Yelp’s mrjob – a python package for Hadoop jobs

This time I cover mrjob which is a python package open sourced by Yelp to write Hadoop jobs. It supports your own Hadoop cluster (based on Hadoop streaming) and AWS Elastic MapReduce (EMR), too. It requires Python 2.5+, see more details in here.

HP Cloud Services

The cloud services that I used for testing mrjob is from HP – HP Public Could Services. That could offering alone would deserve a dedicated post – I signed up for their private beta and liked it, though it is way behind the sophistatication of AWS service portfolio. It is still free but it seems now that HP is planning to charge for the service from mid-May, 2012 onwards. It is based an OpenStack (more precisely I used HP Cloud Compute relying on Nova from the OpenStack suite).

To control the virtual machines on HP Cloud Services, you need to login to (sign up first) and go to Manage. Once you activated the service, you go to Manage Servers and click on Create. You can pick up various flavours of Linux distrubutions from Centos to Ubuntu to Fedora and to Debian. (originally – before embarking on the mrjob exercise – I picked up Centos 5.6, which I should not have, should I know in advance about mrjob because Centos5.6 comes with python2.4 and mrjob needs python2.5+. But that is fine, just python2.6 and python2.6-devel had to be installed along the way, see the necessary steps in Appendix A below. Centos6.2 – coming with python2.6 – could have saved this extra work ).I created two instances for hadoop, one for master and one for slave.
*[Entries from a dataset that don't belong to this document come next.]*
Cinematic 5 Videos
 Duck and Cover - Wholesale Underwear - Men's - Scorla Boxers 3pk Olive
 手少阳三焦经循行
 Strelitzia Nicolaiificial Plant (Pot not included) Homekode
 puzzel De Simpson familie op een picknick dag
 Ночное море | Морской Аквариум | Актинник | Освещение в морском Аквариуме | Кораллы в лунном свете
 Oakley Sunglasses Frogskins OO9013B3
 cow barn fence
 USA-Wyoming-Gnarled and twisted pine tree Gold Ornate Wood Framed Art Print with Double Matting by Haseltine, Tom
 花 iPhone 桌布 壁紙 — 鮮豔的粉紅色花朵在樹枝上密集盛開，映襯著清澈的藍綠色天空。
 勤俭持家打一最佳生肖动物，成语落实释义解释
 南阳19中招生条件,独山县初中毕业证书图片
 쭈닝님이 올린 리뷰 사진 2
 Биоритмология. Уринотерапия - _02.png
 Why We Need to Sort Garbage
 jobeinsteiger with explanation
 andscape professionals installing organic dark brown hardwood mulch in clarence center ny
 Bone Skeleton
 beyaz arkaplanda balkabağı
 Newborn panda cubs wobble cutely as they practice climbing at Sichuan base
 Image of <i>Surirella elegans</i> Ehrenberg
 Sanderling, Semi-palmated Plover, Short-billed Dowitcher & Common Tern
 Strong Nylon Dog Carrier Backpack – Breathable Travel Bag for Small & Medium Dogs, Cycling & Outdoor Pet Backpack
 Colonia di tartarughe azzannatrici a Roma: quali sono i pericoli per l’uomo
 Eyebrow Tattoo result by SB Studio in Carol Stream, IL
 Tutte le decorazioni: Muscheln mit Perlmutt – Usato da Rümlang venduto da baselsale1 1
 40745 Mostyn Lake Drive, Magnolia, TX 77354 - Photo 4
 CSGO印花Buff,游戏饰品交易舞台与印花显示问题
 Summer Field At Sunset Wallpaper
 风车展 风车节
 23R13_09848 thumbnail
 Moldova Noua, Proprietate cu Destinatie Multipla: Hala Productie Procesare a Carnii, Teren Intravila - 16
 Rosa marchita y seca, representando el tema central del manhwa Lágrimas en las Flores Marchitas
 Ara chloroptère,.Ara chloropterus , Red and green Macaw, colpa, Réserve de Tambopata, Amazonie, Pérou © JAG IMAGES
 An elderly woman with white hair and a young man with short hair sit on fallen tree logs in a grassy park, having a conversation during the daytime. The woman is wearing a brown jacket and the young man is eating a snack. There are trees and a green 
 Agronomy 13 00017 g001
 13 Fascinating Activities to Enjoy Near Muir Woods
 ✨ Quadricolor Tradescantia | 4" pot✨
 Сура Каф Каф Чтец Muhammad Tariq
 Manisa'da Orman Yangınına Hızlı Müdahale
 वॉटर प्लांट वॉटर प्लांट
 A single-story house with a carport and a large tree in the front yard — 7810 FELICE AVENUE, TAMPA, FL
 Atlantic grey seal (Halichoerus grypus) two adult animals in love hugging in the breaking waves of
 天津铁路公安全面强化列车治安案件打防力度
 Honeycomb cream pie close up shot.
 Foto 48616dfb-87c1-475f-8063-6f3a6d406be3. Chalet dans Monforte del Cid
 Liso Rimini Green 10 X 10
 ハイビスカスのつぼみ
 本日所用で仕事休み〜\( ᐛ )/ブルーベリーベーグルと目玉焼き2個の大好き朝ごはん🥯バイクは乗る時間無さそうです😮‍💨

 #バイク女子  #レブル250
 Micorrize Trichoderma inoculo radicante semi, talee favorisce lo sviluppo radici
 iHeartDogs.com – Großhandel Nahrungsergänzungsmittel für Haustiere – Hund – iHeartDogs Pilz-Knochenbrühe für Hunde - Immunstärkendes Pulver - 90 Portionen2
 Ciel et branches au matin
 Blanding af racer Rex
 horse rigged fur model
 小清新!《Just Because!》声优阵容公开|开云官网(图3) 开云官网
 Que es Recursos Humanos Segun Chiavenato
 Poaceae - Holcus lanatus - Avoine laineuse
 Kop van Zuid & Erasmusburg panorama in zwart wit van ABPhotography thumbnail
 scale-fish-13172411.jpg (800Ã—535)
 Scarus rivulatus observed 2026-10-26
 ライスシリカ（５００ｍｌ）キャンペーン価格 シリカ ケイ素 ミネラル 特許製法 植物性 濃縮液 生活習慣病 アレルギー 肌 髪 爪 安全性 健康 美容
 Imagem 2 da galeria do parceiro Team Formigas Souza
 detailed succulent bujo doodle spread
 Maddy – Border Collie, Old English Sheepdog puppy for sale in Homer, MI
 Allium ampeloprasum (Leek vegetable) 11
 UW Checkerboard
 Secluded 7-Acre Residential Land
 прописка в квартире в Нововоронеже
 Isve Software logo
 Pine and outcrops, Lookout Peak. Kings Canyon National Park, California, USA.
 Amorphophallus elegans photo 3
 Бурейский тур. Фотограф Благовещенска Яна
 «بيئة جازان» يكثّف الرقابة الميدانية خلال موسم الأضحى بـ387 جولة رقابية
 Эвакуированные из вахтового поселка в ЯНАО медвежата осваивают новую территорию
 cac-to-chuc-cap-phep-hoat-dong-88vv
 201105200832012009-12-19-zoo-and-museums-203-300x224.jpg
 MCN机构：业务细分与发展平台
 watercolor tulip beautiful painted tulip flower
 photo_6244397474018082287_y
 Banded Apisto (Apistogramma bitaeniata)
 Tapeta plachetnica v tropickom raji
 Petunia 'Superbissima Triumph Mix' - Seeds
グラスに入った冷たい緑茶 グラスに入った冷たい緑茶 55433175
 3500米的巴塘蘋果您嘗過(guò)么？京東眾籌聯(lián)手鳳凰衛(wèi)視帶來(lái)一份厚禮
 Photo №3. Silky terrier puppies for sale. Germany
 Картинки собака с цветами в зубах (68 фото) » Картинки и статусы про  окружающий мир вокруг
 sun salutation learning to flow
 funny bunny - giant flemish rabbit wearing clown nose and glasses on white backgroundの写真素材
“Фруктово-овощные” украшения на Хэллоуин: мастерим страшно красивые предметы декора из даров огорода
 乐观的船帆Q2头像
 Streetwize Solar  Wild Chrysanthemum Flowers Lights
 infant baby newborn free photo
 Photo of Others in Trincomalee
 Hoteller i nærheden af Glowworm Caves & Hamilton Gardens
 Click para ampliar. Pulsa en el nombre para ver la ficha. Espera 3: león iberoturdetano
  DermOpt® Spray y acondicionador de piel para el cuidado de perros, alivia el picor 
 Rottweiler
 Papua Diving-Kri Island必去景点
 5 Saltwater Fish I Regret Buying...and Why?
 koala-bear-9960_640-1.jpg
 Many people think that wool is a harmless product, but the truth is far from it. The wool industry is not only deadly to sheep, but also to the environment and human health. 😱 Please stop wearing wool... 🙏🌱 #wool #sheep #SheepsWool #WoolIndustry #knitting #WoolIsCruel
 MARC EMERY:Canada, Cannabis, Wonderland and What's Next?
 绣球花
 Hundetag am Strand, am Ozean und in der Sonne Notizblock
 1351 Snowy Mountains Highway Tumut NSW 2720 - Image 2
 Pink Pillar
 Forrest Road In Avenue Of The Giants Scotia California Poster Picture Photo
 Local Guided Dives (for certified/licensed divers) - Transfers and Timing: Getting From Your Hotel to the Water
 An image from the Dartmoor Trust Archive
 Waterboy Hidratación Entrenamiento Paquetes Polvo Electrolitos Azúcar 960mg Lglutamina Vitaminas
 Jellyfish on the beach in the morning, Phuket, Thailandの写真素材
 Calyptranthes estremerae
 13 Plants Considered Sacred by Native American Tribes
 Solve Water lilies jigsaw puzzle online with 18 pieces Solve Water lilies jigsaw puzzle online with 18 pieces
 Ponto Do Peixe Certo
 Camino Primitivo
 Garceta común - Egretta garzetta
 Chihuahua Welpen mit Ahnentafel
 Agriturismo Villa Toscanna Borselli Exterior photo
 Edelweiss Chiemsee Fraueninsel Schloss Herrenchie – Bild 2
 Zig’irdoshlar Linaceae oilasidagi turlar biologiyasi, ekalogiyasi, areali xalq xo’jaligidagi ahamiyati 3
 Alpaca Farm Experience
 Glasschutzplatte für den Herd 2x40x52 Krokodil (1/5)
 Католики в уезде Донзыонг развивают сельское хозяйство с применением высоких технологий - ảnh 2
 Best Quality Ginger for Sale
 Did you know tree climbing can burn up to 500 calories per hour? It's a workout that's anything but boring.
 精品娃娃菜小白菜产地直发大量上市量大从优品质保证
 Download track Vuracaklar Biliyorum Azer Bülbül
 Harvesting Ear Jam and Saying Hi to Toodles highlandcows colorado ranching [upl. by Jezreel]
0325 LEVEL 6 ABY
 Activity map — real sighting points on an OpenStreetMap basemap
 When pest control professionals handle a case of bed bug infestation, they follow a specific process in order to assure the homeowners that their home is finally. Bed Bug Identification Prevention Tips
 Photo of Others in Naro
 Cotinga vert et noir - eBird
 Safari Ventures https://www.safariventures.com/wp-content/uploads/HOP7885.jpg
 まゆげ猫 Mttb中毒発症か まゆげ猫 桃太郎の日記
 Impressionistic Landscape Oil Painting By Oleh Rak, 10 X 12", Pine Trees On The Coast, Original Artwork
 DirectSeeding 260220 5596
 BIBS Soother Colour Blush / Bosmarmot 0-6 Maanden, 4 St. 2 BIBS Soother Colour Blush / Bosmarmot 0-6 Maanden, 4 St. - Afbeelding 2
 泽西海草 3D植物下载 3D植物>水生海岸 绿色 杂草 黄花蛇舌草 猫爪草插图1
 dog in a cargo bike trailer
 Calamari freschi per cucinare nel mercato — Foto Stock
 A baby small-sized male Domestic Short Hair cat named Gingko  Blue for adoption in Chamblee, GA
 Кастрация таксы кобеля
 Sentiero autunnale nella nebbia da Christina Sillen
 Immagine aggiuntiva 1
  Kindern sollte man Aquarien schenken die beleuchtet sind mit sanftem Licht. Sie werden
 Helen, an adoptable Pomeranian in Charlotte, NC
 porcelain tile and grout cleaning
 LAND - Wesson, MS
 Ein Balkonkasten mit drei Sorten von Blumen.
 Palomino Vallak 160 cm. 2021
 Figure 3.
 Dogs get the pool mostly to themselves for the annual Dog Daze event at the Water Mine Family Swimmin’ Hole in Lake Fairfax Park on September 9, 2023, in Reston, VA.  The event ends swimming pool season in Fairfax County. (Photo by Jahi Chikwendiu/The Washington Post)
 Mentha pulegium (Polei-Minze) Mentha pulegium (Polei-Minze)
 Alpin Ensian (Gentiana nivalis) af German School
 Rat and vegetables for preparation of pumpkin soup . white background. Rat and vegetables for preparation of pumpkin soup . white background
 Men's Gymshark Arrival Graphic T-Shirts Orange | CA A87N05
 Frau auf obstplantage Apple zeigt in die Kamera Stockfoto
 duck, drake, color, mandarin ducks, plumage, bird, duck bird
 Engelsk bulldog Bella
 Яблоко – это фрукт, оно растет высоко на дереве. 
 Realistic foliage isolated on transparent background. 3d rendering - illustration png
HP Could Services dashboard looks like this:


Yelp’s mrjob can be downloaded from GitHub. I used mrjob v0.3.2 for my tests, the code itself is around 15,000 lines. It supports local mode (mainly for quick tests and debugging), hadoop mode running on a hadoop cluster and emr mode running on AWS EMR.

The “Hello World!” of Hadoop – wordcount – looks as follows:

class MRWordCountUtility(MRJob):

    def __init__(self, *args, **kwargs):
        super(MRWordCountUtility, self).__init__(*args, **kwargs)
        self.chars = 0
        self.words = 0
        self.lines = 0

    def mapper(self, _, line):
        # Don't actually yield anything for each line. Instead, collect them
        # and yield the sums when all lines have been processed. The results
        # will be collected by the reducer.
        self.chars += len(line) + 1  # +1 for newline
        self.words += sum(1 for word in line.split() if word.strip())
        self.lines += 1

    def mapper_final(self):
        yield('chars', self.chars)
        yield('words', self.words)
        yield('lines', self.lines)

    def reducer(self, key, values):
        yield(key, sum(values))

if __name__ == '__main__':

This is plain and simple so let us have a look at another example (Author: Jordan Andersen) that comes with the tarball. This is the classic travelling salesman problem: “given a list of cities and their pairwise distances, the task is to find the shortest possible route that visits each city exactly once and returns to the origin city”. For mathematically inclined people, this is another source to get more details about the problem.

Using Hadoop and mrjob, the travelling salesman problem can have a brute force MapReduce solution: it is a 2-step process, in the first step the mapper defines reasonable sized chunks for the second step where then each mapper will capculate the shortest and longest past from the possible  (N-1)!  tours – N is the number of cities/nodes in the graph – and eventually the reducer picks up the right solution.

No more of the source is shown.